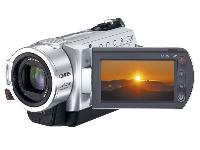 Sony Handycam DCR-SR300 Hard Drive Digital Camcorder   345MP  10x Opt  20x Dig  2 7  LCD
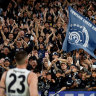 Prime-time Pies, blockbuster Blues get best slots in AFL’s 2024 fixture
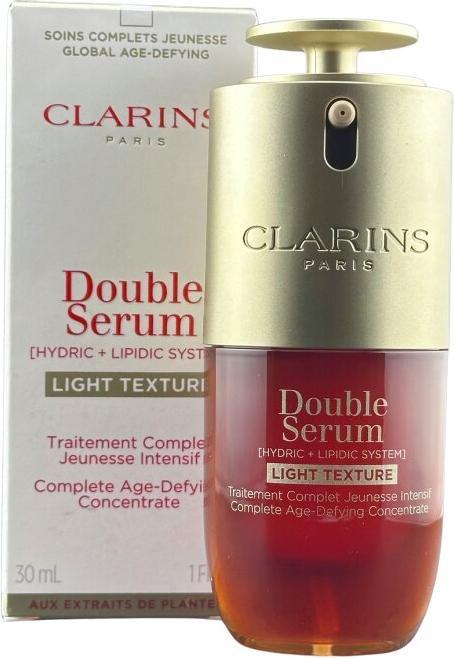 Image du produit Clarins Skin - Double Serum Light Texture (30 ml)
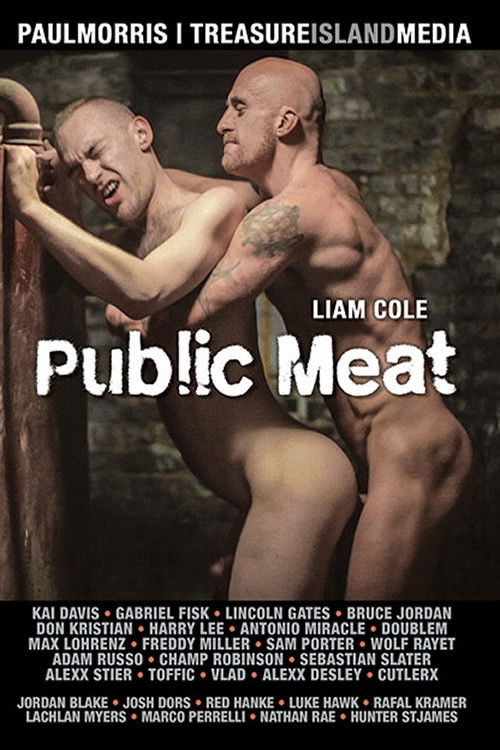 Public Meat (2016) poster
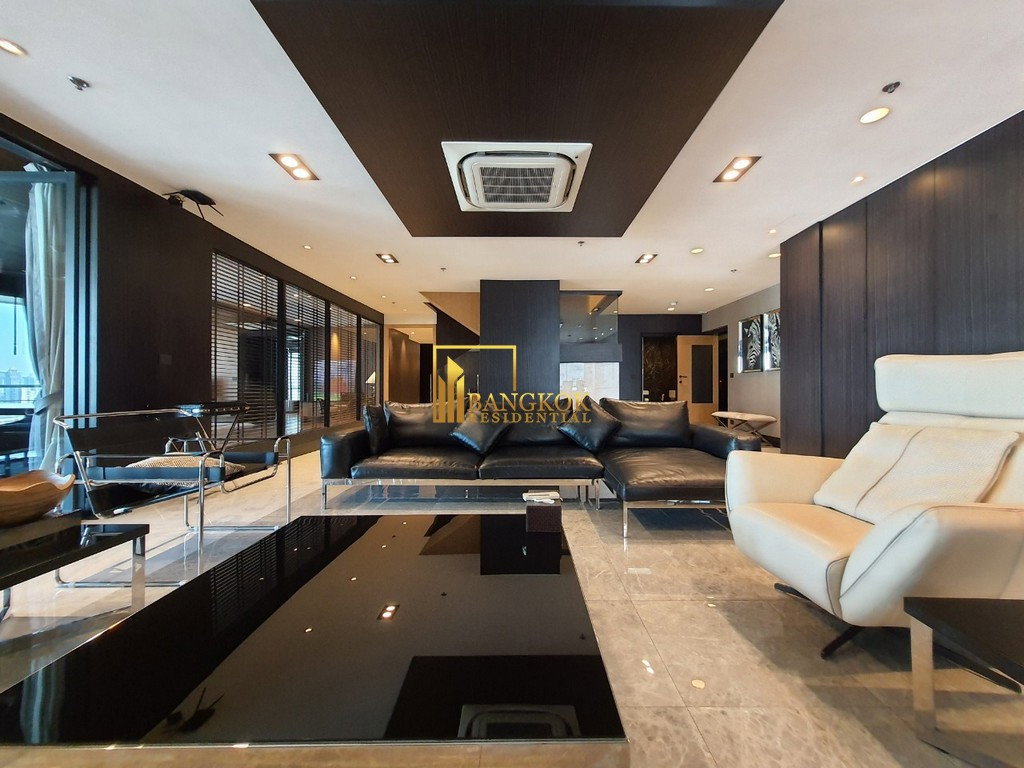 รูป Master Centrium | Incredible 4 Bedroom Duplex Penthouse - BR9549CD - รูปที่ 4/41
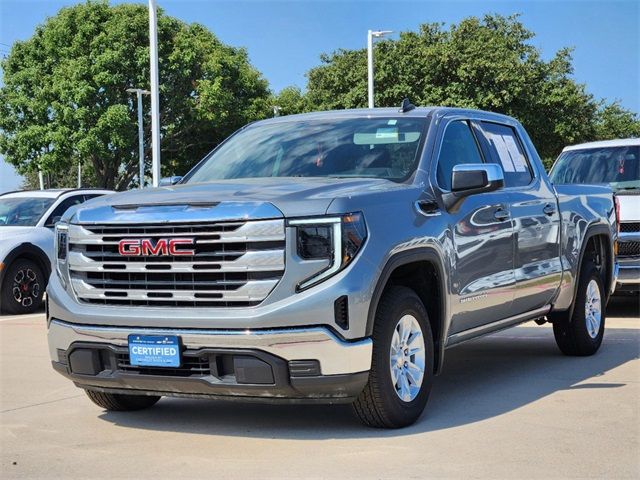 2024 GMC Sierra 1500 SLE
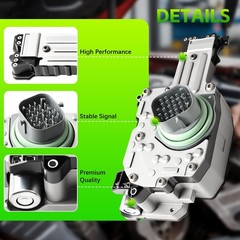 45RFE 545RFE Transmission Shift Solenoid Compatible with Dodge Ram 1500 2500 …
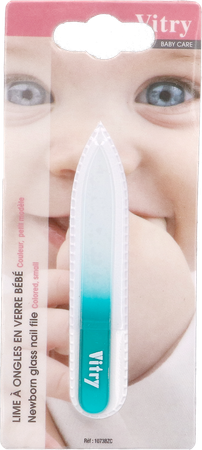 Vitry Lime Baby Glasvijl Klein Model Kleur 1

**EXERCISE OBJECTIVE**: Any picture in the material is to be left out, and everything else is to be retyped as is.

**RESULT OF THE EXERCISE**:
 Sony Handycam DCR-SR300 Hard Drive Digital Camcorder   345MP  10x Opt  20x Dig  2 7  LCD
 Prime-time Pies, blockbuster Blues get best slots in AFL’s 2024 fixture
 Image du produit Clarins Skin - Double Serum Light Texture (30 ml)
 Public Meat (2016) poster
 รูป Master Centrium | Incredible 4 Bedroom Duplex Penthouse - BR9549CD - รูปที่ 4/41
 2024 GMC Sierra 1500 SLE
 45RFE 545RFE Transmission Shift Solenoid Compatible with Dodge Ram 1500 2500 …
 Vitry Lime Baby Glasvijl Klein Model Kleur 1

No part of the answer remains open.